[Opening Provided material section]

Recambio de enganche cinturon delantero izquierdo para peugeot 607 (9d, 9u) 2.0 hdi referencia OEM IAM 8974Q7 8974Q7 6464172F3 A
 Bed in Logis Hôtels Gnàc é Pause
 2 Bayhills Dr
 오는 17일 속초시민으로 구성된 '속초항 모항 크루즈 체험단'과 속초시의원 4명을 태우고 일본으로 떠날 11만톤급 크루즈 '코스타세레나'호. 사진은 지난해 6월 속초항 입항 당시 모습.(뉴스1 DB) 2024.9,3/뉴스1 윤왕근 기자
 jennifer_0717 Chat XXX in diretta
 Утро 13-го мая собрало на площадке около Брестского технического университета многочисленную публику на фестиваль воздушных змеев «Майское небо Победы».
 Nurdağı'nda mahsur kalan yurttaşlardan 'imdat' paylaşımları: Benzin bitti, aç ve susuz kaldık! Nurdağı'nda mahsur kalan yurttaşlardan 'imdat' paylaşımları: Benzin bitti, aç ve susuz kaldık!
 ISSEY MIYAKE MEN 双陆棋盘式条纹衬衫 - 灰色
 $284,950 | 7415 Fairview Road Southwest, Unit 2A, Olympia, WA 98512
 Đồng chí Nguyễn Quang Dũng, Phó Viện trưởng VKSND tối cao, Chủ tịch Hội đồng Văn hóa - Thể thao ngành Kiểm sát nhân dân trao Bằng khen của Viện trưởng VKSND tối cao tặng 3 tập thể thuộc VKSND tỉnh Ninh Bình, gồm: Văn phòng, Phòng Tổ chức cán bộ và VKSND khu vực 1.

[Closing Provided material section]

Reproduce the entries in full, exactly as written.

Recambio de enganche cinturon delantero izquierdo para peugeot 607 (9d, 9u) 2.0 hdi referencia OEM IAM 8974Q7 8974Q7 6464172F3 A
 Bed in Logis Hôtels Gnàc é Pause
 2 Bayhills Dr
 오는 17일 속초시민으로 구성된 '속초항 모항 크루즈 체험단'과 속초시의원 4명을 태우고 일본으로 떠날 11만톤급 크루즈 '코스타세레나'호. 사진은 지난해 6월 속초항 입항 당시 모습.(뉴스1 DB) 2024.9,3/뉴스1 윤왕근 기자
 jennifer_0717 Chat XXX in diretta
 Утро 13-го мая собрало на площадке около Брестского технического университета многочисленную публику на фестиваль воздушных змеев «Майское небо Победы».
 Nurdağı'nda mahsur kalan yurttaşlardan 'imdat' paylaşımları: Benzin bitti, aç ve susuz kaldık! Nurdağı'nda mahsur kalan yurttaşlardan 'imdat' paylaşımları: Benzin bitti, aç ve susuz kaldık!
 ISSEY MIYAKE MEN 双陆棋盘式条纹衬衫 - 灰色
 $284,950 | 7415 Fairview Road Southwest, Unit 2A, Olympia, WA 98512
 Đồng chí Nguyễn Quang Dũng, Phó Viện trưởng VKSND tối cao, Chủ tịch Hội đồng Văn hóa - Thể thao ngành Kiểm sát nhân dân trao Bằng khen của Viện trưởng VKSND tối cao tặng 3 tập thể thuộc VKSND tỉnh Ninh Bình, gồm: Văn phòng, Phòng Tổ chức cán bộ và VKSND khu vực 1.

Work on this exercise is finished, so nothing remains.